Problem description
Would you please repeat, word for word, only the lines from the one holding "Rendering of Jade" through the one holding "Christmas LED Light" in the material below, without the pictures?

Data shown
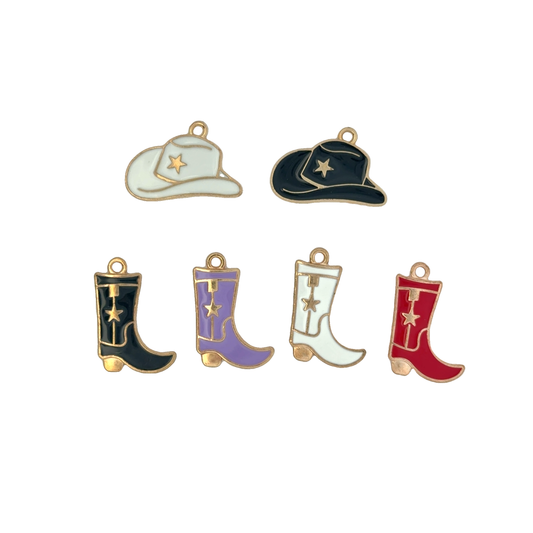 Colorful Western-Themed Cowboot and Cowboy Hat Charms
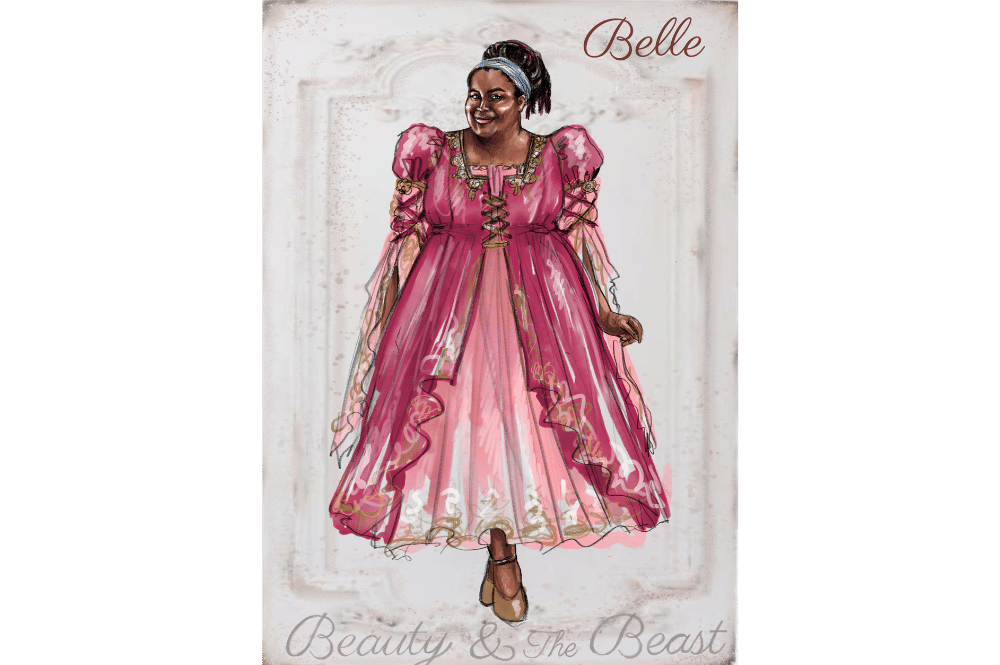 Rendering of Jade Jones as Belle in her pink princess dress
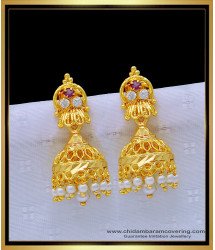 ERG1261 - Attractive Pearl Jhumkas Earrings One Gram Gold Muthu Thodu South Indian 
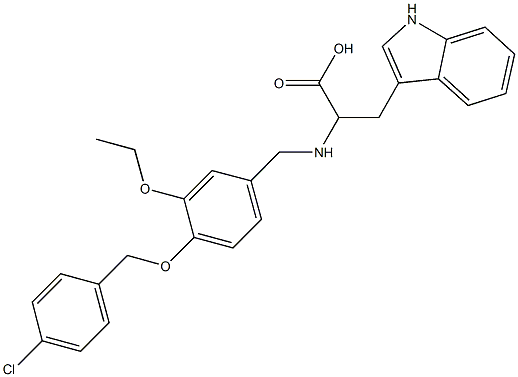 N-{4-[(4-chlorobenzyl)oxy]-3-ethoxybenzyl}tryptophan Struktur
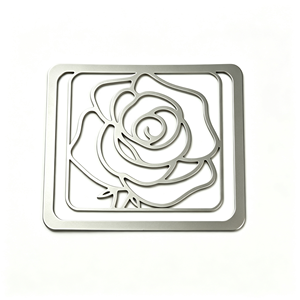 Marcapáginas de metal con diseño de rosa, marcapáginas de metal reutilizable de estilo clásico, logotipo personalizado disponible - Product Image 1
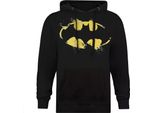 Batman - Felpa Con Cappuccio Logo Da Uomo TV239 (L) (Nero/Giallo)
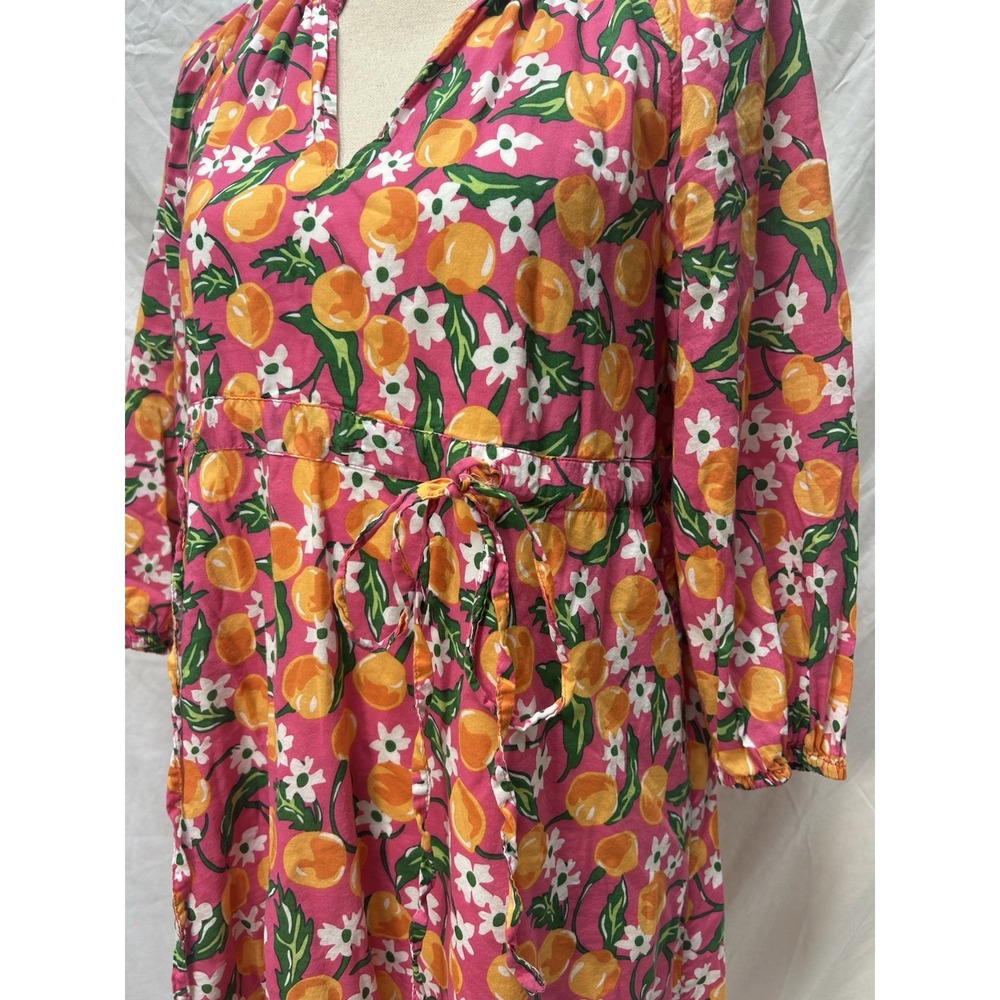 Draper James Orange Blossom Floral Kellie Babydoll Dress  Drawstring Small - Picture 4 of 8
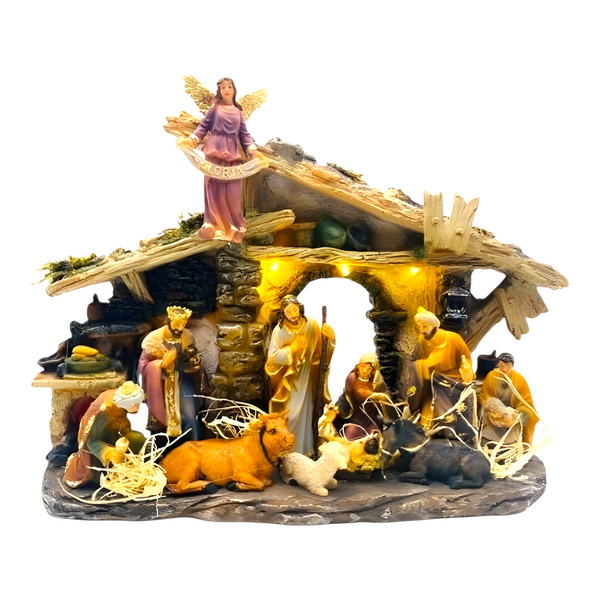 Christmas LED Light Up Nativity Scene Colour Figurines & Stable Statue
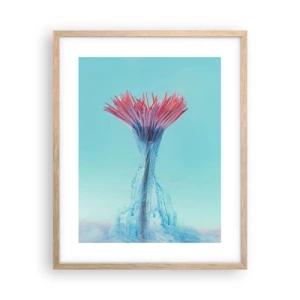 Plakat i ramme af lyst egetræ - I en nærende omfavnelse - 40x50 cm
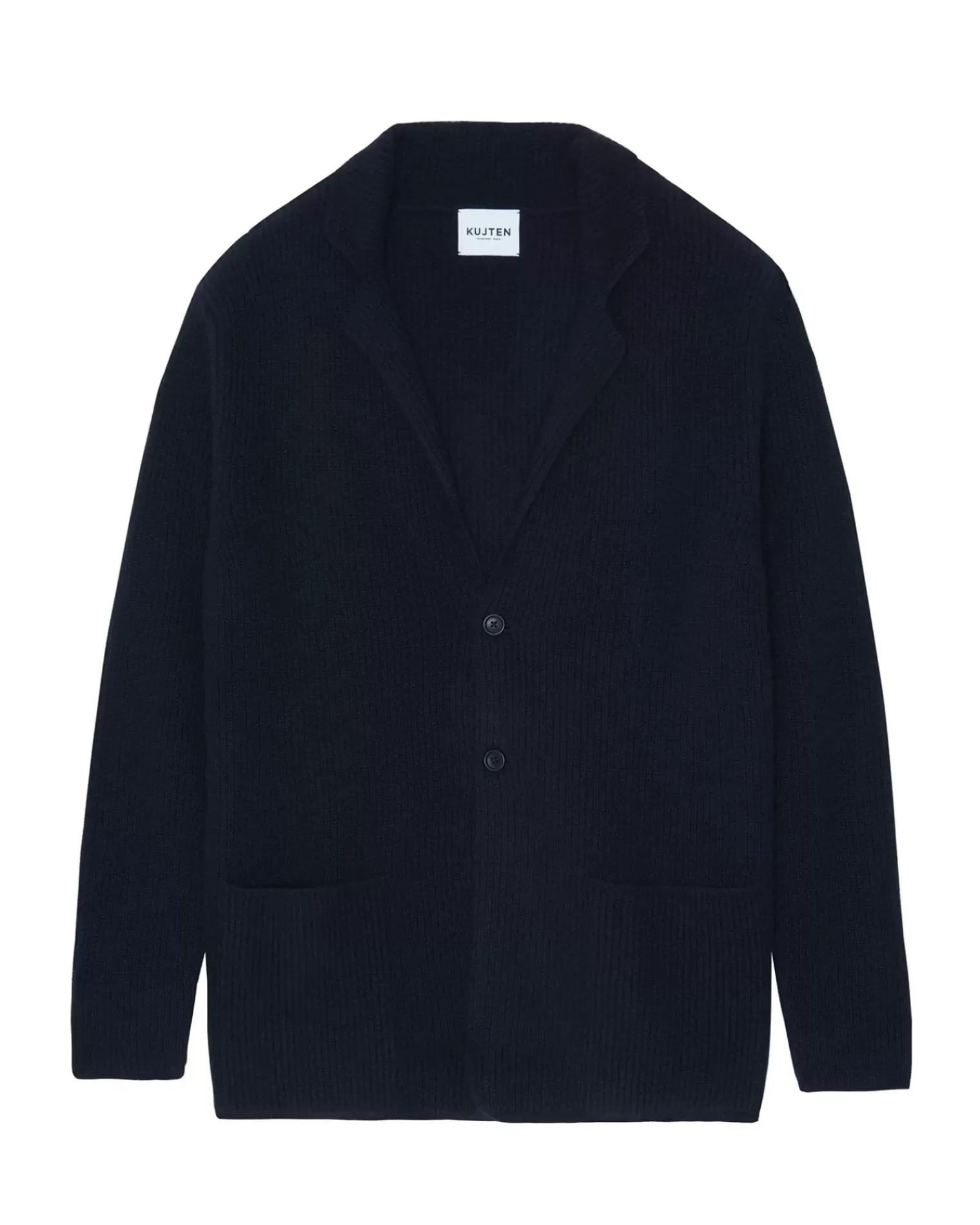 Kujten Jackets & Vests>Long Sleeves Blazer Cashmere Cardigan, 4-Threads Bleu Marine Fonce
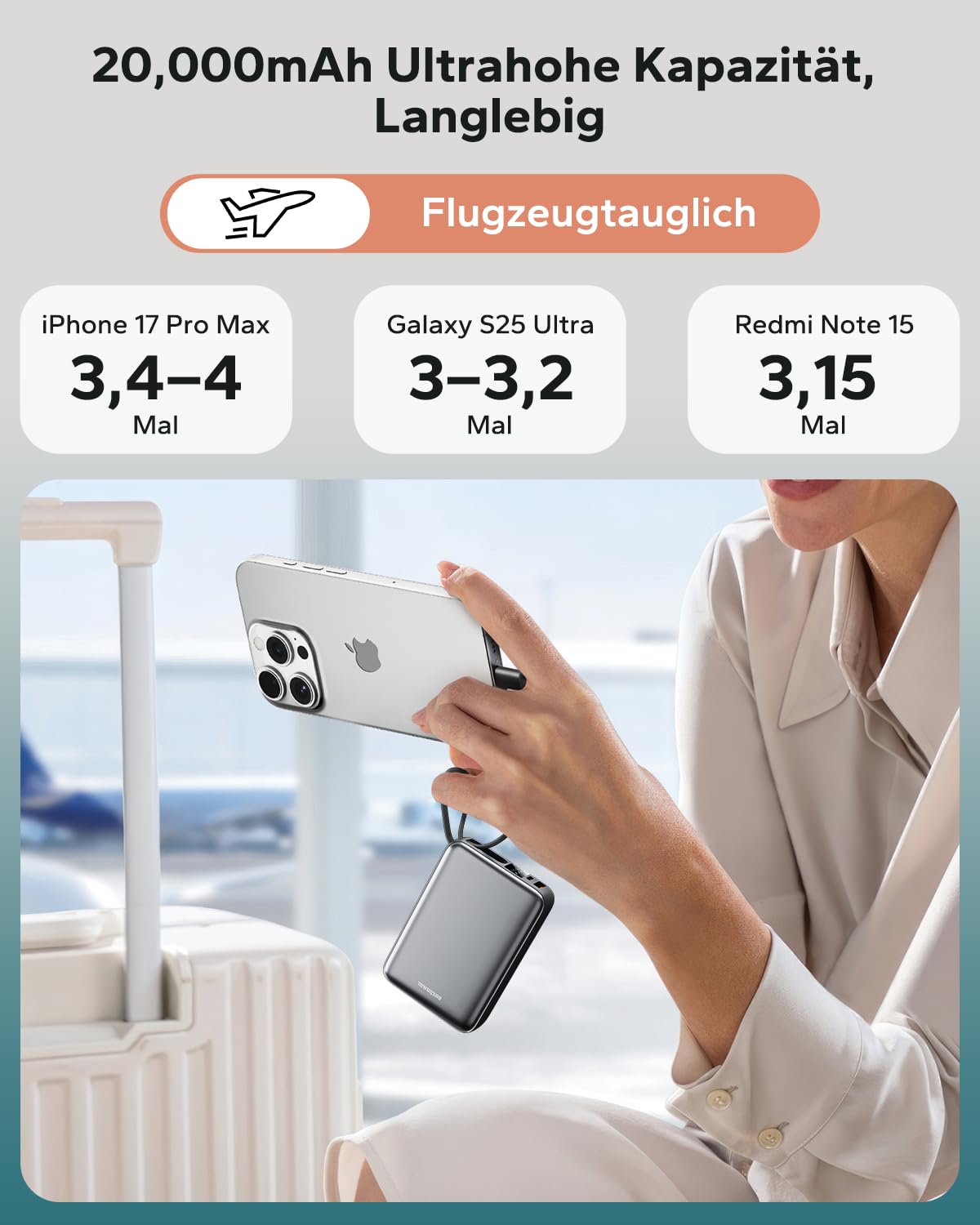 Eazpower Powerbank 45W Schnellladefunktion 20,000mAh mit USB-C Kabel integriert, Externe Handyakkus Leicht Klein Aber Stark für iPhone 17/16 /15 Pro, Samsung S25 Ultra, Xiaomi - Raummetallsilber 3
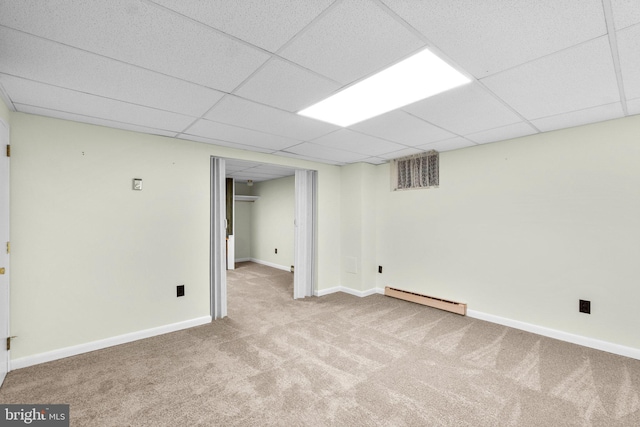 643 Meadow Branch Rd, Westminster, MD 21158 - finished below grade area with a baseboard radiator, carpet flooring, and a drop ceiling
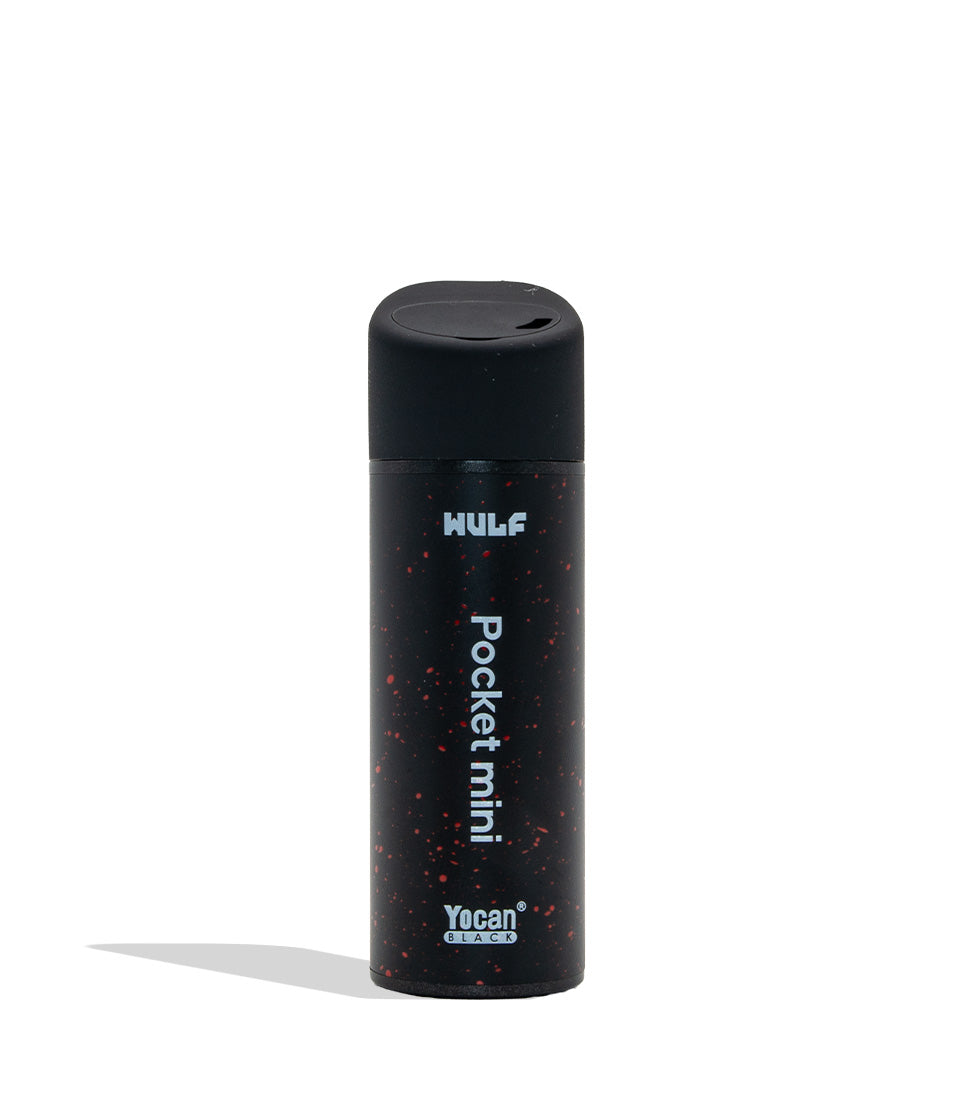 WULF MODS Pocket Mini concentrate vaporizer in black with red spatter pattern details, featuring a vertical rainbow LED indicator light on the side, shown against a plain white background. Back logos view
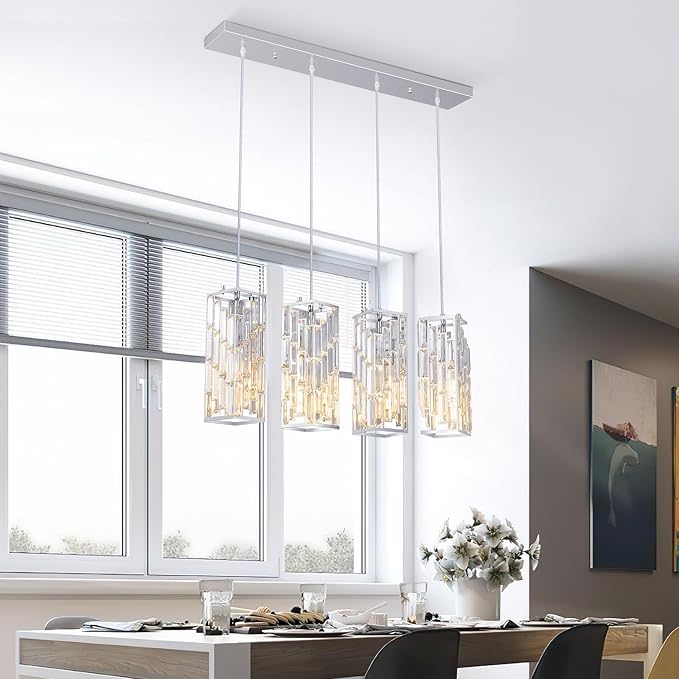 Chrome Pendant Lighting Modern Pendant Light, Mini Crystal Chandeliers,Adjustable Pendant Light Fixture for Kitchen Island Dinning Room Bedroom (4 Light)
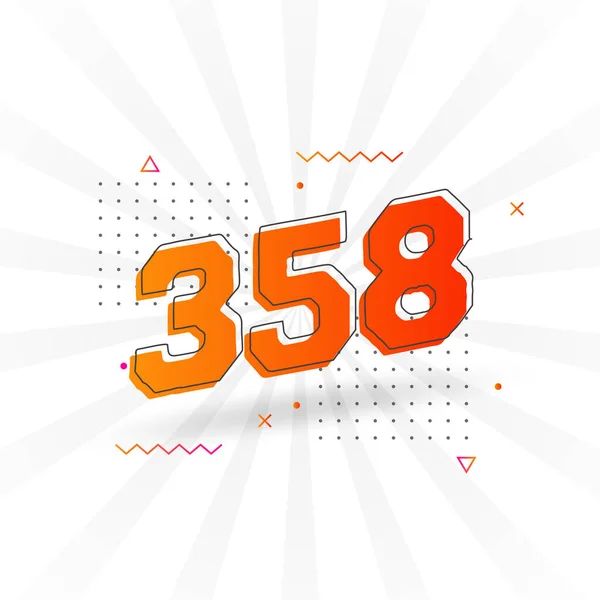 358 Nummer Vektor Teckensnitt Alfabet Nummer 358 Med Dekorativ Beståndsvektor — Stock vektor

Exercise response
 Rendering of Jade Jones as Belle in her pink princess dress
 ERG1261 - Attractive Pearl Jhumkas Earrings One Gram Gold Muthu Thodu South Indian 
 N-{4-[(4-chlorobenzyl)oxy]-3-ethoxybenzyl}tryptophan Struktur
 Marcapáginas de metal con diseño de rosa, marcapáginas de metal reutilizable de estilo clásico, logotipo personalizado disponible - Product Image 1
 Batman - Felpa Con Cappuccio Logo Da Uomo TV239 (L) (Nero/Giallo)
 Draper James Orange Blossom Floral Kellie Babydoll Dress  Drawstring Small - Picture 4 of 8
 Christmas LED Light Up Nativity Scene Colour Figurines & Stable Statue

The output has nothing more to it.